## REQUIRED ACTION
Starting at the first line of the material below and stopping after the line that includes "Leinwandbilder - In", write the lines out again exactly. Drop any pictures.

## SOURCE MATERIAL
- - -
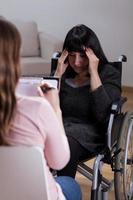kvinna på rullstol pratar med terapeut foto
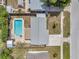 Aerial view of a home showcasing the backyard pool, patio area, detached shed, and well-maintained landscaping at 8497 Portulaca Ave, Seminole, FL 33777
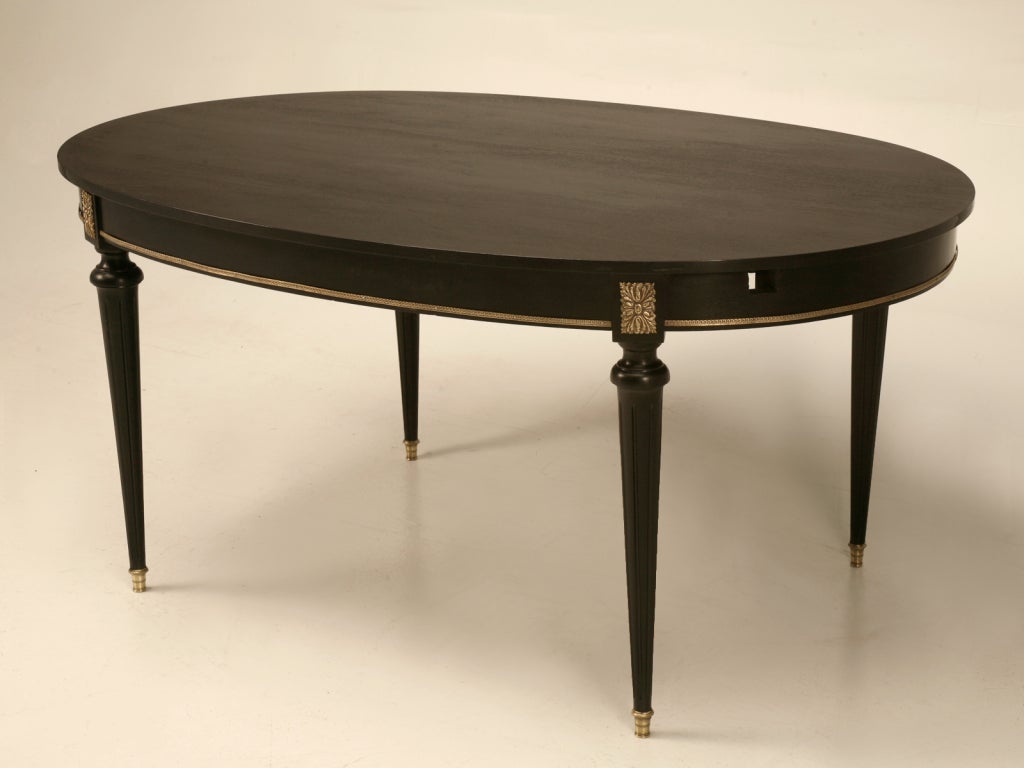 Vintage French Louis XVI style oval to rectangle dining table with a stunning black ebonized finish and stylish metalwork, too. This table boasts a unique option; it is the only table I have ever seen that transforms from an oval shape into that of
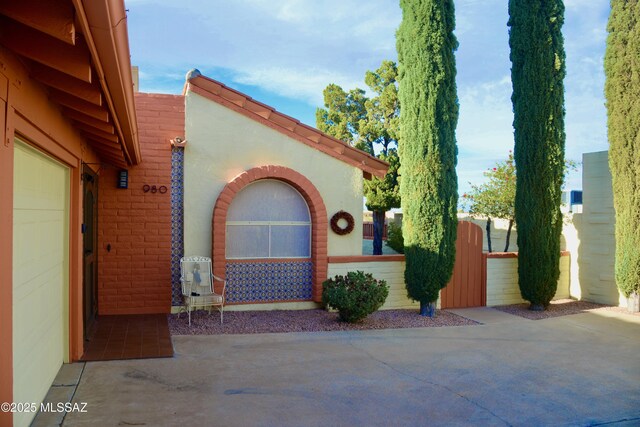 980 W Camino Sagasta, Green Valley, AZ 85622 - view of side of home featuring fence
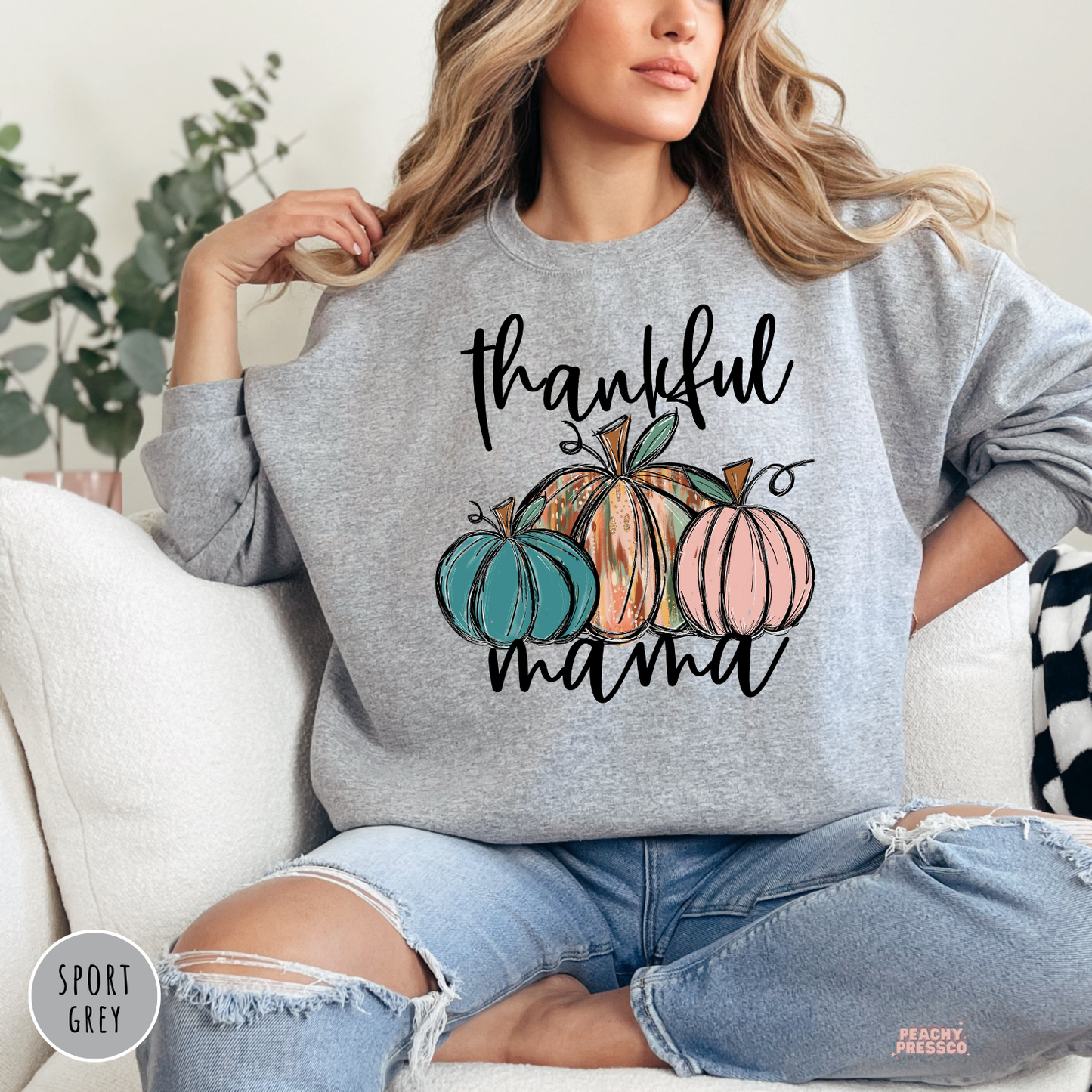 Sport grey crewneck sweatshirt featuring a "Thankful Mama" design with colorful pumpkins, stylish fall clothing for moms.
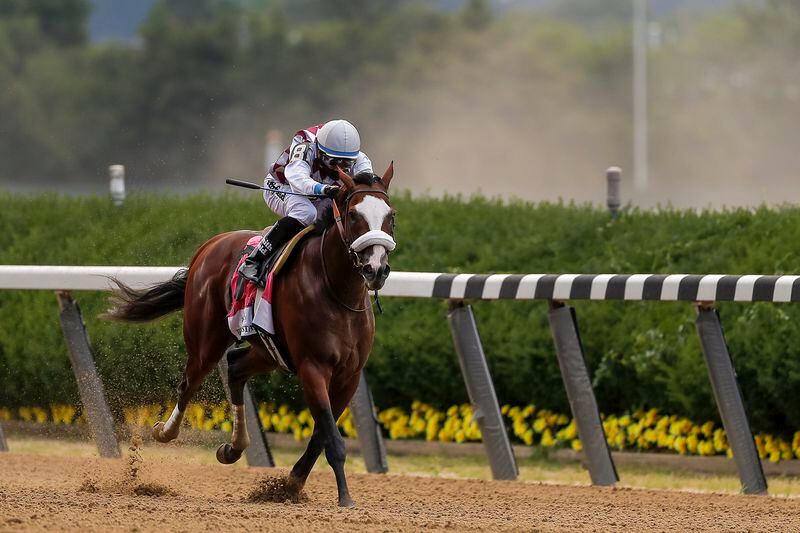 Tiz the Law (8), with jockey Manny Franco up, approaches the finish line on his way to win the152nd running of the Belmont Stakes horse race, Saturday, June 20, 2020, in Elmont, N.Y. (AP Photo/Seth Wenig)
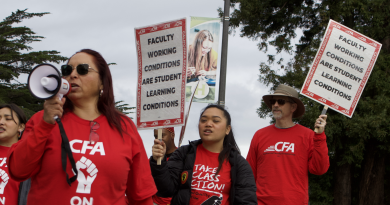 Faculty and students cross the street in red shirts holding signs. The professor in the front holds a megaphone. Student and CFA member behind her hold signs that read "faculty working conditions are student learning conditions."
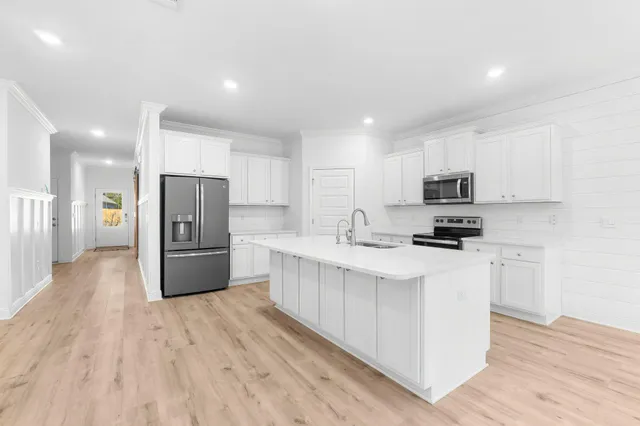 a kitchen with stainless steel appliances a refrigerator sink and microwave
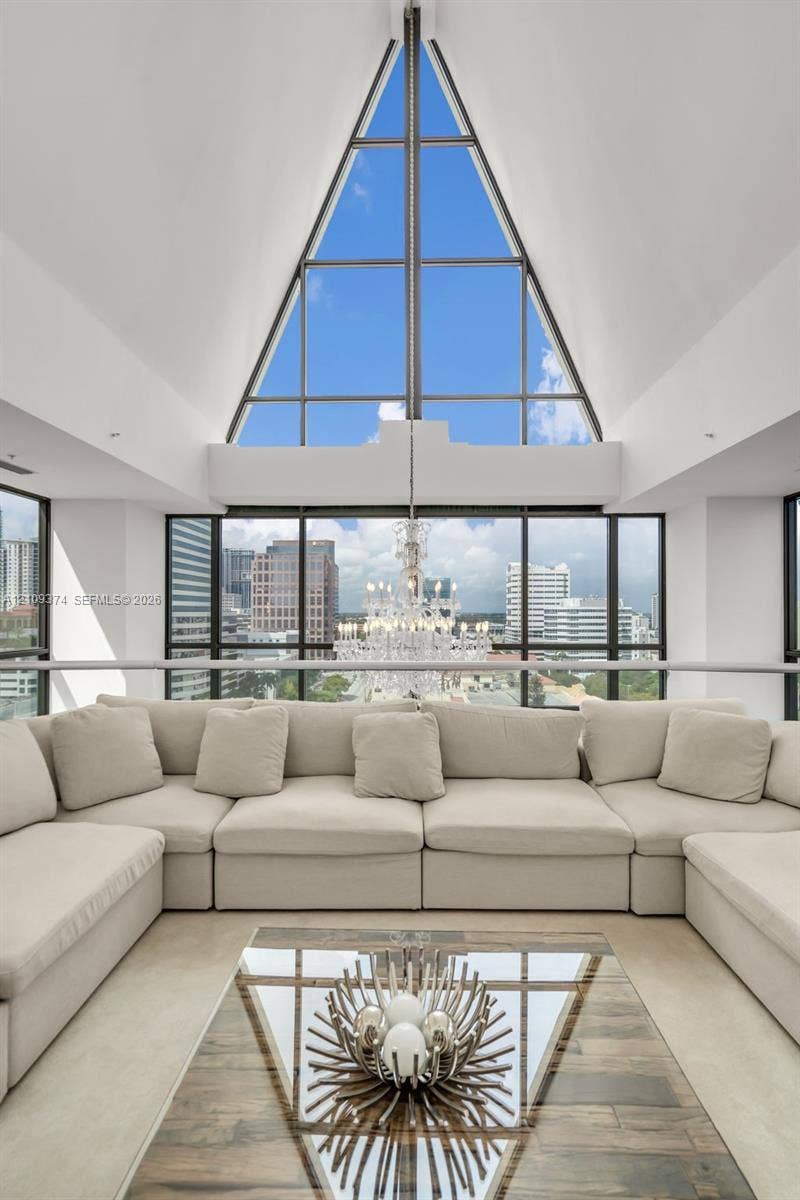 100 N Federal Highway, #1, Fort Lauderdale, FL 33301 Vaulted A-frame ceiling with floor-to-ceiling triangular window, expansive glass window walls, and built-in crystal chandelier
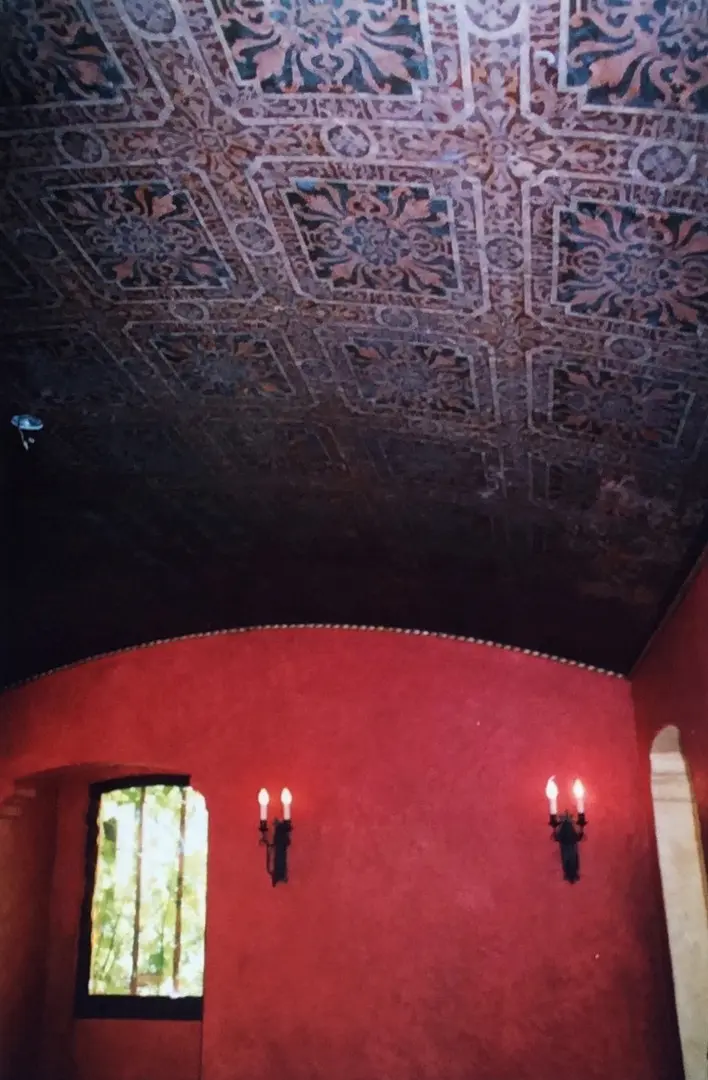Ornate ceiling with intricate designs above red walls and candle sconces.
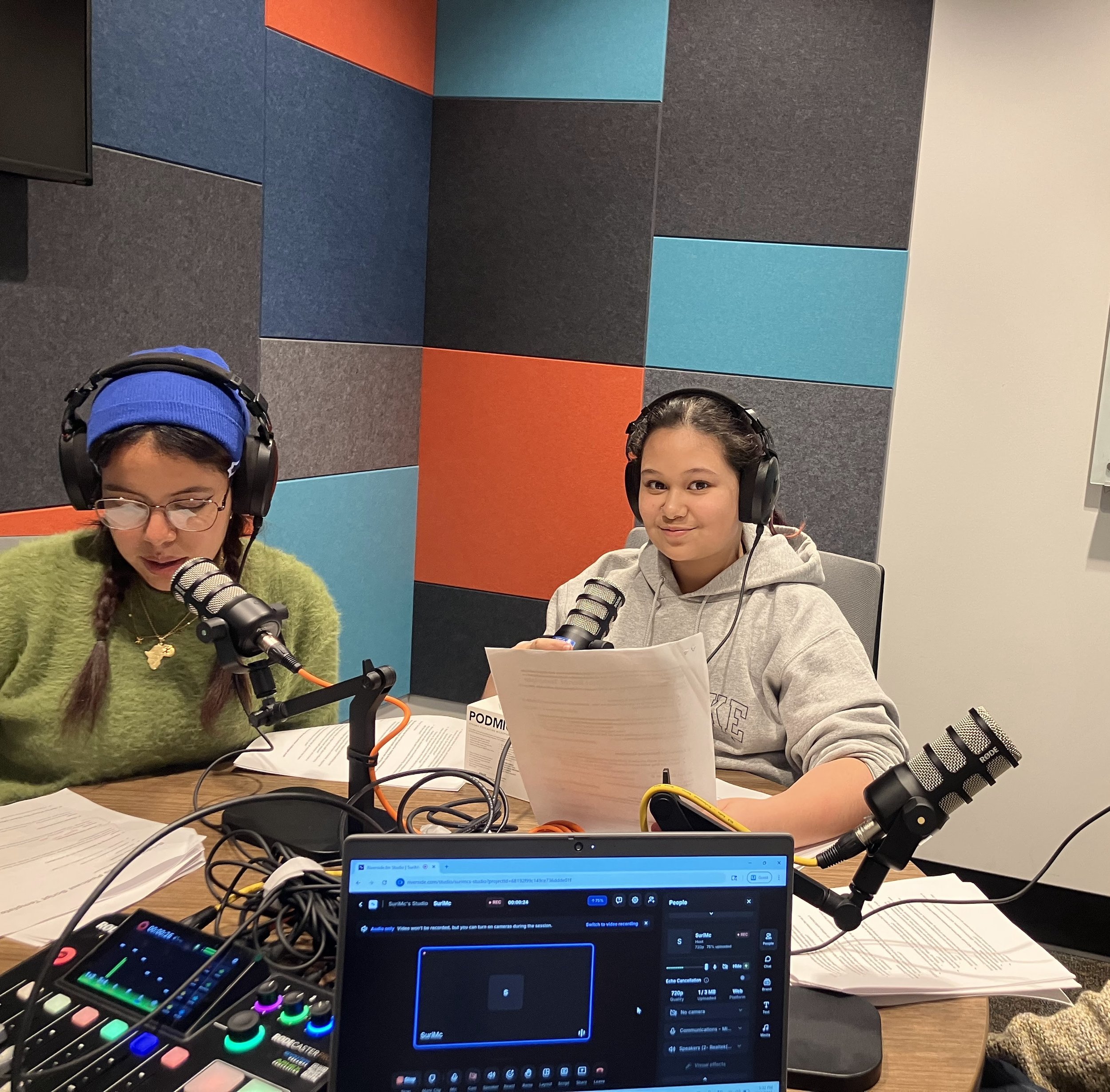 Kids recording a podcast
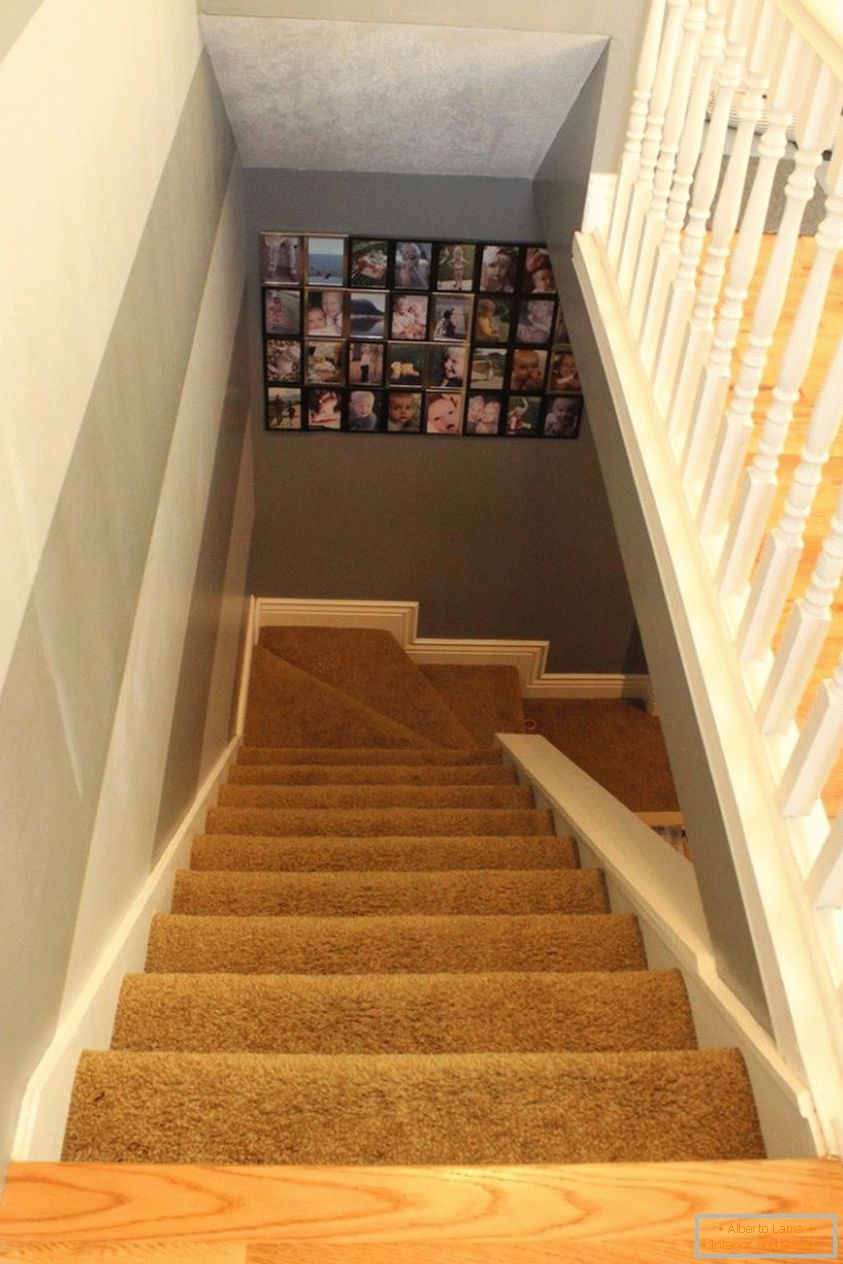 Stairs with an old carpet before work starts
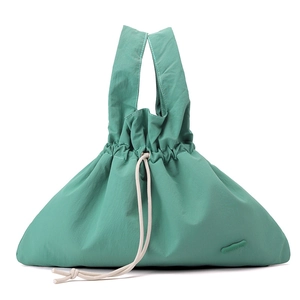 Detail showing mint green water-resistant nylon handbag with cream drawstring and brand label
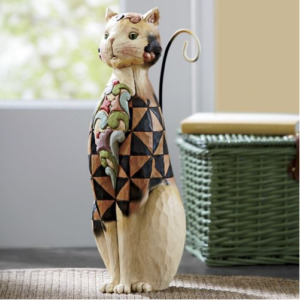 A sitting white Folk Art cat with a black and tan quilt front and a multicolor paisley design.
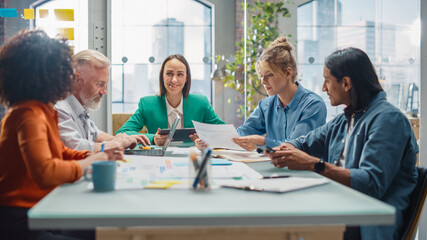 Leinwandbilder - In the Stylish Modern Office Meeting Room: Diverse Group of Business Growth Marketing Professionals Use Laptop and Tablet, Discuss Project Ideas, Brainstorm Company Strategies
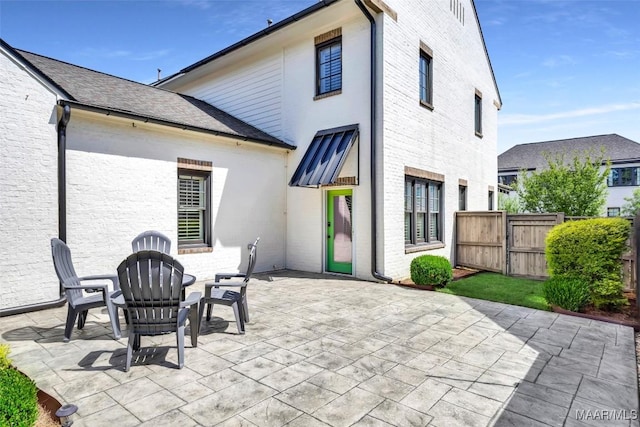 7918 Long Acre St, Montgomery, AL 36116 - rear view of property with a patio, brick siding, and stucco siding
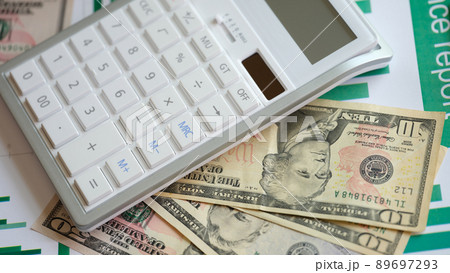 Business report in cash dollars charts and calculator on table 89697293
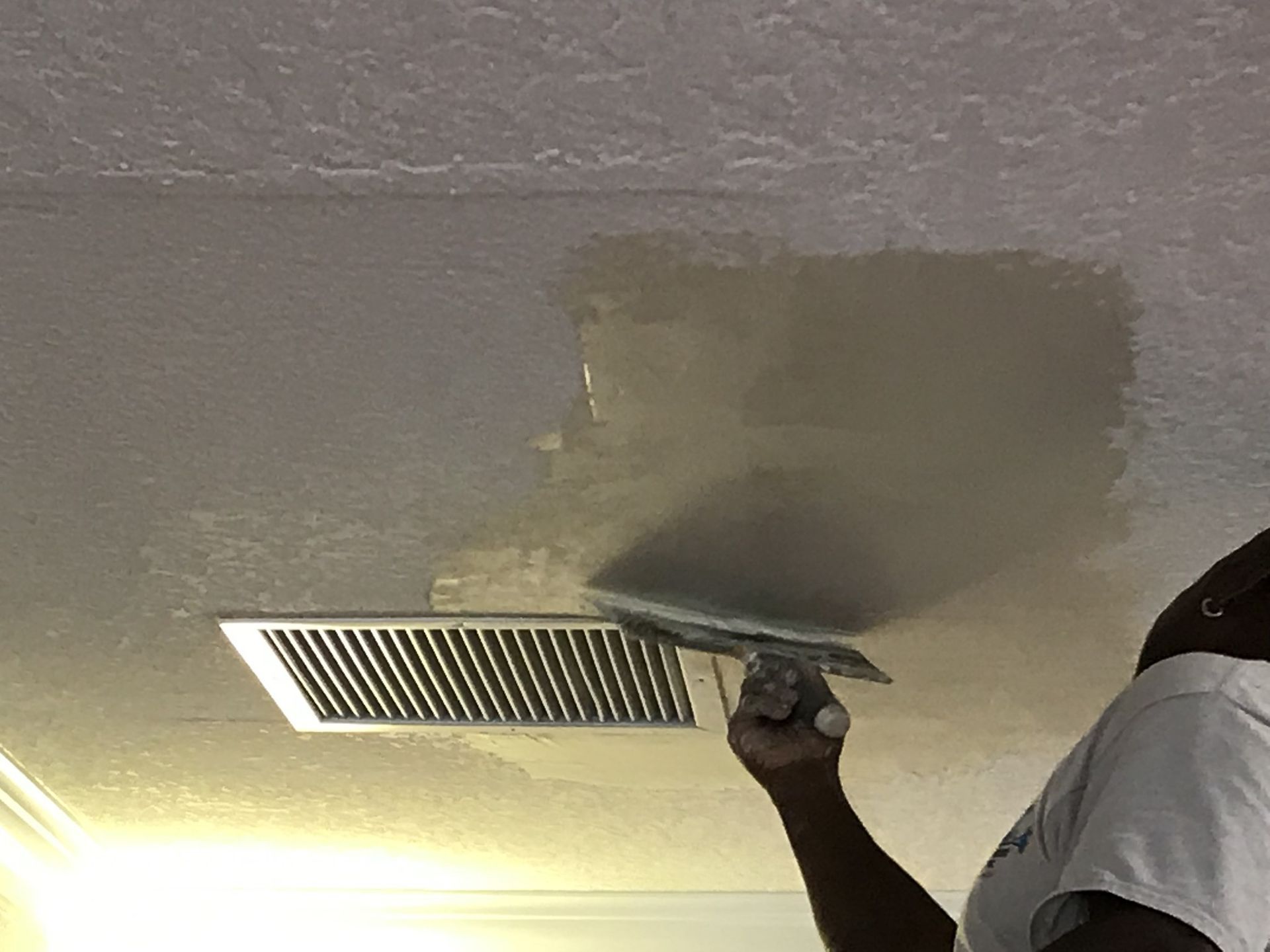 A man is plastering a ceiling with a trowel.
- - -
## SOLUTION
kvinna på rullstol pratar med terapeut foto
 Aerial view of a home showcasing the backyard pool, patio area, detached shed, and well-maintained landscaping at 8497 Portulaca Ave, Seminole, FL 33777
 Vintage French Louis XVI style oval to rectangle dining table with a stunning black ebonized finish and stylish metalwork, too. This table boasts a unique option; it is the only table I have ever seen that transforms from an oval shape into that of
 980 W Camino Sagasta, Green Valley, AZ 85622 - view of side of home featuring fence
 Sport grey crewneck sweatshirt featuring a "Thankful Mama" design with colorful pumpkins, stylish fall clothing for moms.
 Tiz the Law (8), with jockey Manny Franco up, approaches the finish line on his way to win the152nd running of the Belmont Stakes horse race, Saturday, June 20, 2020, in Elmont, N.Y. (AP Photo/Seth Wenig)
 Faculty and students cross the street in red shirts holding signs. The professor in the front holds a megaphone. Student and CFA member behind her hold signs that read "faculty working conditions are student learning conditions."
 a kitchen with stainless steel appliances a refrigerator sink and microwave
 100 N Federal Highway, #1, Fort Lauderdale, FL 33301 Vaulted A-frame ceiling with floor-to-ceiling triangular window, expansive glass window walls, and built-in crystal chandelier
Ornate ceiling with intricate designs above red walls and candle sconces.
 Kids recording a podcast
 Stairs with an old carpet before work starts
 Detail showing mint green water-resistant nylon handbag with cream drawstring and brand label
 A sitting white Folk Art cat with a black and tan quilt front and a multicolor paisley design.
 Leinwandbilder - In the Stylish Modern Office Meeting Room: Diverse Group of Business Growth Marketing Professionals Use Laptop and Tablet, Discuss Project Ideas, Brainstorm Company Strategies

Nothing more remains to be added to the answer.